Técnicas distintas têm sido utilizadas para avaliar o PC em diferentes grupos populacionais. Quando ocorre uma demanda de resposta a metas, indagações e intenções, esse tipo de pensamento é facilmente elaborado, ou seja, aparece de forma espontânea, sem que seja necessário qualquer esforço cognitivo.

Em levantamento bibliográfico realizado na base de dados PsycINFO (American Psychological Association), buscou-se recuperar artigos entre os períodos de 2010 a 2012 que apresentavam a expressão counterfactual thinking no título e como termo de indexação com o intuito de verificar o tipo de procedimento adotado para acessar o pensamento contrafactual. Observou-se que diferentes métodos foram utilizados para acessar esse tipo de pensamento e foram criadas cinco categorias para nomear os métodos utilizados, quais sejam: cenários hipotéticos, autorrelato, não especificado, performance em tarefa e transcrições. A categoria mais frequente foi a de cenários hipotéticos, sendo que 11 dos 25 artigos recuperados utilizaram-se desse método. Os cenários hipotéticos podem ser definidos como pequenas vinhetas ou enredos curtos que descrevem situações críticas a partir das quais há a possibilidade de elaborar uma versão alternativa para os acontecimentos. Para as demais categorias a frequência de artigos foi de seis para auto-relato, que consistia na narração de um evento ou fato da própria experiência de vida que fosse passível de alterações; quatro não especificaram o método utilizado; três solicitaram que pensamentos contrafactuais fossem elaborados a partir da performance dos participantes em uma tarefa e um deles solicitava elaboração de alternativas contrafactuais a partir das transcrições de julgamentos legais.

Segundo Juhos, Quelhas e Senos (2003), o uso de cenários padronizados permite que seja minimizada a interferência de outras variáveis no momento da elaboração do PC. Apesar de afirmar que por meio do uso de cenários é possível avaliar os PCs decorrentes das situações apresentadas, Kasimatis e Wells (1995) apontam duas limitações sobre o uso desse método. Segundo os autores, a artificialidade dos cenários hipotéticos pode levar os participantes a responder de formas hipotéticas que não correspondem a modos de ação que desempenhariam em situações reais. A segunda limitação diz respeito às questões feitas após os cenários, uma vez que fixar o número de pensamentos que podem ser listados pode levar a uma orientação forçada da situação (Kasimatis & Wells, 1995). Os autores afirmam ainda que o modo como o pensamento contrafactual é medido influencia não só a quantidade de pensamentos contrafactuais relatados, mas também como as elaborações contrafactuais se relacionam a outras variáveis, tais como características de personalidade como a autoestima. Seus resultados indicaram que os participantes relataram mais pensamentos contrafactuais quando as instruções incluíam uma explicação sobre os contrafatos do que quando essa explicação não estava inclusa. Entretanto, apesar das limitações do uso de cenários, Kasimatis e Wells (1995) reconhecem que o uso de cenários hipotéticos permite o acesso ao PC. Byrne (2002) supõe que os resultados encontrados nas pesquisas sobre a maneira como as pessoas pensam sobre o que poderia ter acontecido (what might have been) quando são expostas a histórias fictícias podem se generalizar para a forma como as pessoas pensam sobre suas experiências pessoais.

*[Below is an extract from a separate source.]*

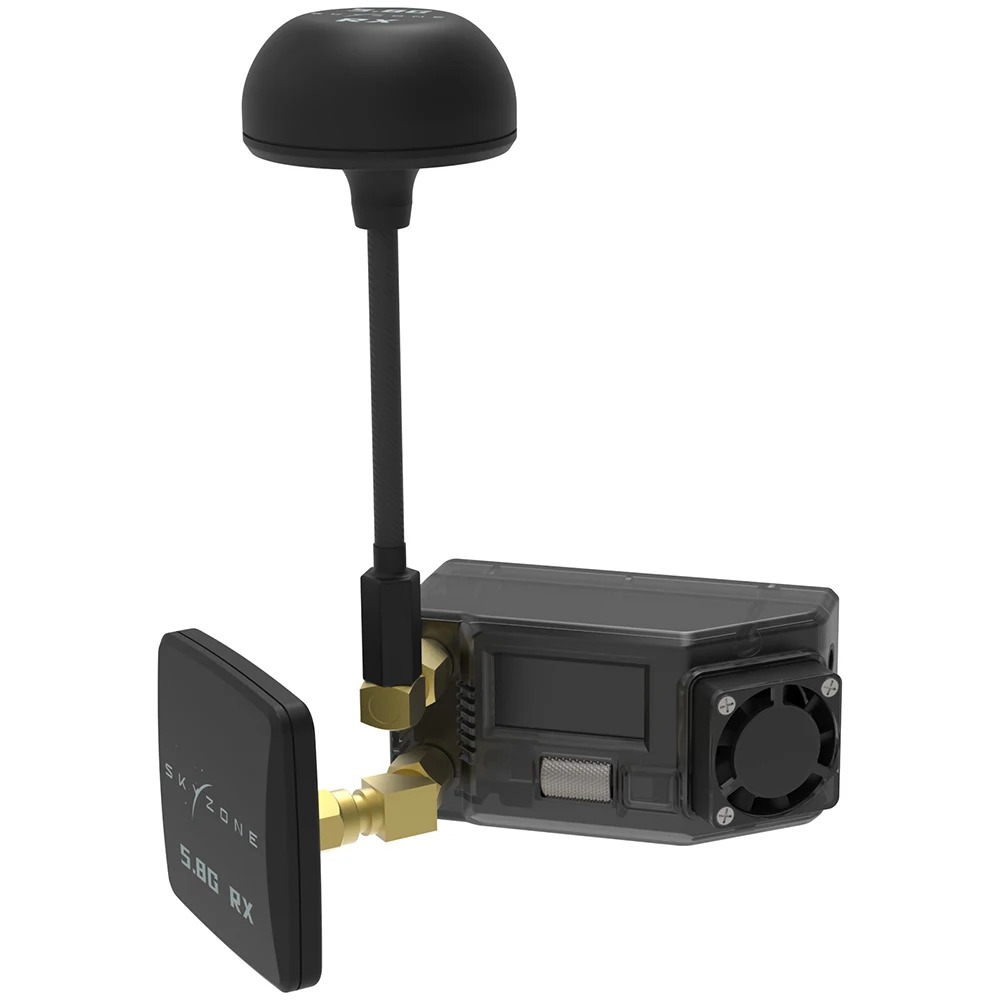 Skyzone Steadyview X Receiver Module - Module récepteur de diversité SKYZONE SteadyView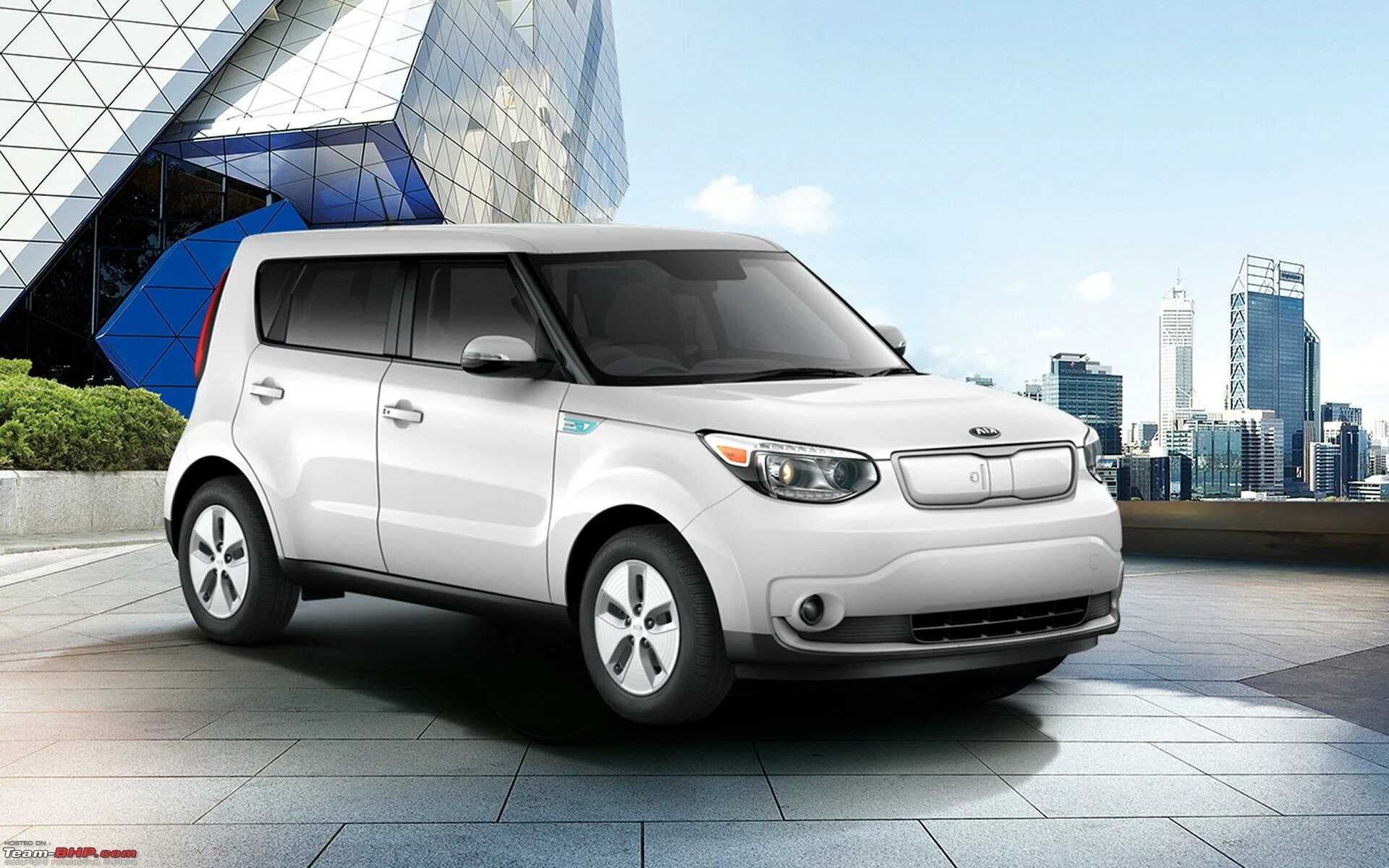 Купить киа фото цена Team-BHP - Rumour: Kia plans to launch its first EV in India by 2021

Estudos realizados por Faccioli e Schelini (2009) e Justino e Schelini (2010) representam as únicas pesquisas brasileiras sobre o assunto e avaliaram o PC por meio de duas técnicas distintas. Faccioli e Schelini (2009) realizaram um estudo com crianças em que elas deveriam relatar um dia típico de sua rotina e duas situações que evocassem sentimentos de raiva e tristeza, bem como montar um cenário alternativo (incluindo locais, pessoas, objetos e situações) a partir de maquetes e bonecos colocados à disposição. Por meio dessa montagem os pensamentos imaginativos alternativos à realidade seriam acessados. A maquete simulava uma cidade e protótipos de estabelecimentos comerciais, de ensino e de saúde e casas, que permitiam que o participante montasse a sua cidade e os locais que costumava frequentar. Após a montagem do cenário alternativo, era solicitado aos participantes que narrassem novamente um dia completo. Foi observado que, em relação aos elementos da maquete, não foram encontradas diferenças relevantes entre os dois cenários. As mudanças entre o dia real e o dia imaginado foram percebidas por meio das narrativas das crianças sobre o seu dia. Observou-se ainda que as mudanças tiveram função afetiva, ou seja, permitiram que os participantes se sentissem melhor com a situação desagradável e o PC ocorreu no sentido de subtrair a situação desagradável. Como crítica ao estudo desenvolvido, as autoras indicam que os participantes tenderam a se interessar pela manipulação dos objetos, mas os materiais apresentados, talvez pelo caráter extremamente lúdico, não facilitaram a expressão de pensamentos contrafactuais.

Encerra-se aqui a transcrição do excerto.